3. Il terzo motivo di ricorso è infondato in quanto, secondo le linee interpretative della costante giurisprudenza amministrativa, l'istanza di sanatoria edilizia ha un preciso valore confessorio dell'abuso (C.d.S., Sez. IV, 17 agosto 2022, n. 7191). Ne consegue che è infondato il motivo di impugnazione con il quale si afferma che le opere per le quali è stato richiesto il condono sono state realizzate prima del 1967.

4. Il quarto motivo di ricorso è infondato in quanto, secondo la giurisprudenza (da ultimo C.d.S., n. 10493 del 29 novembre 2022), "per la quantificazione degli oneri di concessione [...] occorre fare riferimento esclusivo al momento in cui è rilasciato il titolo edilizio in sanatoria, poiché è da quel momento che l'immobile interessato dagli abusi diviene legittimo sul piano urbanistico, e concorre così alla formazione del peso insediativo che costituisce il presupposto sostanziale del pagamento del contributo concessorio (in questo senso, da ultimo: C.d.S., II, 19 febbraio 2021, n. 1485)".

5. Il quinto motivo di ricorso è infondato in quanto l'atto di richiesta di pagamento specifica che le somme sono state richieste a titolo di contributo di costruzione.

Poiché la quantificazione del contributo di costruzione involge l'apprezzamento del diritto soggettivo alla determinazione dell'obbligazione contributiva che costituisce attività non autoritativa e vincolata, da eseguirsi secondo criteri predeterminati o tabelle parametriche in ragione della natura paratributaria del contributo, il ricorrente era pienamente in grado di sindacare il quantum della somma richiesta, anche facendo accesso agli atti amministrativi di quantificazione della somma determinata dal Comune.

6. In definitiva quindi il ricorso va respinto.
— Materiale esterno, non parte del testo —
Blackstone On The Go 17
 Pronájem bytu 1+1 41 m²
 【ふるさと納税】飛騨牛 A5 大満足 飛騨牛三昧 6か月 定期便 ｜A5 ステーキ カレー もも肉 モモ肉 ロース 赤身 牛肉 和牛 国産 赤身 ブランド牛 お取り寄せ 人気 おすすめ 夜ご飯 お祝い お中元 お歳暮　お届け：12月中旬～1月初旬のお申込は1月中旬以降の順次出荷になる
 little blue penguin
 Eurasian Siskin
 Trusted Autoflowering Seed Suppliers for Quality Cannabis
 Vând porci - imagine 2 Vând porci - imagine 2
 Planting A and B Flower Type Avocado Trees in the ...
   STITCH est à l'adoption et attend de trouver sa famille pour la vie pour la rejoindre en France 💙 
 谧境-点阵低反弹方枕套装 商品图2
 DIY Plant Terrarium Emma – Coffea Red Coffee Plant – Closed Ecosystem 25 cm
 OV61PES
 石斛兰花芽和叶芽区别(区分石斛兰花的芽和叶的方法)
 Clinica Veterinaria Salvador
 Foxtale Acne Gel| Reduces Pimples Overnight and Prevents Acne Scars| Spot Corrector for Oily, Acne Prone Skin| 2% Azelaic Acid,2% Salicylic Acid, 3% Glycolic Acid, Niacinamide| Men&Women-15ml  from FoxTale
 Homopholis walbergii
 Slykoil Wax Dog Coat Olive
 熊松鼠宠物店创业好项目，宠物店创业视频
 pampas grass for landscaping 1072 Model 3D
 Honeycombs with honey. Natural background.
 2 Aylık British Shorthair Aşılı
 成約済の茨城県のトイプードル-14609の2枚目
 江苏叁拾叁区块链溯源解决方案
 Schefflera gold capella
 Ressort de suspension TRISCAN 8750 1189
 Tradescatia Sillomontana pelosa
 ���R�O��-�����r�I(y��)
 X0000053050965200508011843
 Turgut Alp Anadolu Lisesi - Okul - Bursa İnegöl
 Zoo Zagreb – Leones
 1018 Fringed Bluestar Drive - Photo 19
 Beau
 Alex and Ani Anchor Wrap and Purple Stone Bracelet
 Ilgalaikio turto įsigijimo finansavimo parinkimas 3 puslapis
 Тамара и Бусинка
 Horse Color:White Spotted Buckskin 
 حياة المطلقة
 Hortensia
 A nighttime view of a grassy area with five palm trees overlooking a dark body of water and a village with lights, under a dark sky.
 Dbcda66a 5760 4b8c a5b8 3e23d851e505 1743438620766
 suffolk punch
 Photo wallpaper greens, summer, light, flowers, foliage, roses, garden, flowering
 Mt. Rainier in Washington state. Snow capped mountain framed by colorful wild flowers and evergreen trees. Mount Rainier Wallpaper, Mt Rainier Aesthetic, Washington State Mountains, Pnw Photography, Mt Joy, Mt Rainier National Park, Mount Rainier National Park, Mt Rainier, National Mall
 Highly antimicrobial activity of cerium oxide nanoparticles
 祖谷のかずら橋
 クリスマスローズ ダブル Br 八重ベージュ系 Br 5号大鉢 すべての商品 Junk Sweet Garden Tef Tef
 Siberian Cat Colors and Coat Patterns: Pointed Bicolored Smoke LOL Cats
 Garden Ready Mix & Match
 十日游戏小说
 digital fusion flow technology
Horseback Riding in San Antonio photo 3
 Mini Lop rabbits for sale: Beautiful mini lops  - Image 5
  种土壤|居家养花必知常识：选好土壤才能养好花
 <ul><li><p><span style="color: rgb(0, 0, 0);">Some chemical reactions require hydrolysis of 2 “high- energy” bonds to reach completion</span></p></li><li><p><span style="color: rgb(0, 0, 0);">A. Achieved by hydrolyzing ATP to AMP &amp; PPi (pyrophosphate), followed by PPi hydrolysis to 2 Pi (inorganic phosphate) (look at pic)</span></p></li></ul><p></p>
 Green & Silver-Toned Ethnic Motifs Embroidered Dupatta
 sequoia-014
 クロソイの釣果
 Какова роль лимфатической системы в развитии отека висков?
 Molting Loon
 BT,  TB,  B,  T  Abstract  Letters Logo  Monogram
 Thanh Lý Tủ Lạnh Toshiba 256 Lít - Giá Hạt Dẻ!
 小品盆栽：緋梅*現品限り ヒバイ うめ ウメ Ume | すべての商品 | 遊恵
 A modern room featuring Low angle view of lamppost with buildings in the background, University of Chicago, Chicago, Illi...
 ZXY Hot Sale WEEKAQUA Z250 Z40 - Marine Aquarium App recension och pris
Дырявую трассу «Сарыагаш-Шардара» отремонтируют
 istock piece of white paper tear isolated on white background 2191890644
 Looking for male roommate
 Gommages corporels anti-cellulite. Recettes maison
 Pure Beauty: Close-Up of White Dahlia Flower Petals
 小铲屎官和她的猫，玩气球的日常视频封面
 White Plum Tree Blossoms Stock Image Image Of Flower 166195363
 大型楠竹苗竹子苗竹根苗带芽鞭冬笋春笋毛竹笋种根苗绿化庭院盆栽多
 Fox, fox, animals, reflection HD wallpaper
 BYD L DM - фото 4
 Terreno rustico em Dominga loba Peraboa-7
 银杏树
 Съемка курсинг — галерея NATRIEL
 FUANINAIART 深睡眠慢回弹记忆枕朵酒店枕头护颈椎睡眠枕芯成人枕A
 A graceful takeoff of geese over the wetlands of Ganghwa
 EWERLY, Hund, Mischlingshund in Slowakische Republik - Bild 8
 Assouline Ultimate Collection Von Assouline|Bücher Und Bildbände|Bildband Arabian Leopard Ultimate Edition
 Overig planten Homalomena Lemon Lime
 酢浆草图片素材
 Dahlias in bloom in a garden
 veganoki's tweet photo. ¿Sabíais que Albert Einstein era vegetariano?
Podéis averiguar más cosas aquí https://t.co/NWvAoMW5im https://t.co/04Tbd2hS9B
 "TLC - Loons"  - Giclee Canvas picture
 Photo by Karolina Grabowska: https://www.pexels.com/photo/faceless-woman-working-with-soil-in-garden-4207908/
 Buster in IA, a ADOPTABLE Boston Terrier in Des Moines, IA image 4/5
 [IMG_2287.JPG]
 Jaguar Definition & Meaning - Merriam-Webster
7. La durata del giudizio giustifica la compensazione delle spese di giudizio tra le parti.

P.Q.M.

Il Tribunale Amministrativo Regionale per la Lombardia (Sezione Seconda), definitivamente pronunciando sul ricorso, come in epigrafe proposto, lo respinge.

Spese compensate.

Ordina che la presente sentenza sia eseguita dall'autorità amministrativa.